> _PROBLEM TO SOLVE_
Lines from the one containing "Semialbero anteriore completo" through the last one in the data below: write them out word for word, and only them.

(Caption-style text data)

——————

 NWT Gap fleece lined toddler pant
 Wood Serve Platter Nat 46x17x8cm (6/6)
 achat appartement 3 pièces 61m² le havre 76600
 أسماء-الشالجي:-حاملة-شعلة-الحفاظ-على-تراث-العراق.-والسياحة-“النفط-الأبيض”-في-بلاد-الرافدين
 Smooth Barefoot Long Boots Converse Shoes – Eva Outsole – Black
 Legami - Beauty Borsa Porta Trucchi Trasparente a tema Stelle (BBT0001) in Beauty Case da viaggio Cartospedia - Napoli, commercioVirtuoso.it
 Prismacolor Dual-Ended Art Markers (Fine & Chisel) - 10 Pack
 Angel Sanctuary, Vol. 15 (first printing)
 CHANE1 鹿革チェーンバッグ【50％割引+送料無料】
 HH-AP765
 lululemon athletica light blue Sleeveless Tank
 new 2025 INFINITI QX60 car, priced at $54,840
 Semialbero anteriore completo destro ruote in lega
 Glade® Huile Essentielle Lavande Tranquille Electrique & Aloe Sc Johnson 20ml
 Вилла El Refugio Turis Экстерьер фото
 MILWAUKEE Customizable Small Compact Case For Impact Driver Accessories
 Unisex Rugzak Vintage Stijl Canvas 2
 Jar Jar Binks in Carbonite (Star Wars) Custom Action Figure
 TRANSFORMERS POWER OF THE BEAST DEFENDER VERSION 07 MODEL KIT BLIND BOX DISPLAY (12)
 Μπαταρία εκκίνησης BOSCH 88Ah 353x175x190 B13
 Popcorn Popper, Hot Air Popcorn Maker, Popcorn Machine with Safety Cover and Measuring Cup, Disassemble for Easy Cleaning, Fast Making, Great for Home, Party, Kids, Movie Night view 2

——————

> _PROBLEM SOLUTION_
 Semialbero anteriore completo destro ruote in lega
 Glade® Huile Essentielle Lavande Tranquille Electrique & Aloe Sc Johnson 20ml
 Вилла El Refugio Turis Экстерьер фото
 MILWAUKEE Customizable Small Compact Case For Impact Driver Accessories
 Unisex Rugzak Vintage Stijl Canvas 2
 Jar Jar Binks in Carbonite (Star Wars) Custom Action Figure
 TRANSFORMERS POWER OF THE BEAST DEFENDER VERSION 07 MODEL KIT BLIND BOX DISPLAY (12)
 Μπαταρία εκκίνησης BOSCH 88Ah 353x175x190 B13
 Popcorn Popper, Hot Air Popcorn Maker, Popcorn Machine with Safety Cover and Measuring Cup, Disassemble for Easy Cleaning, Fast Making, Great for Home, Party, Kids, Movie Night view 2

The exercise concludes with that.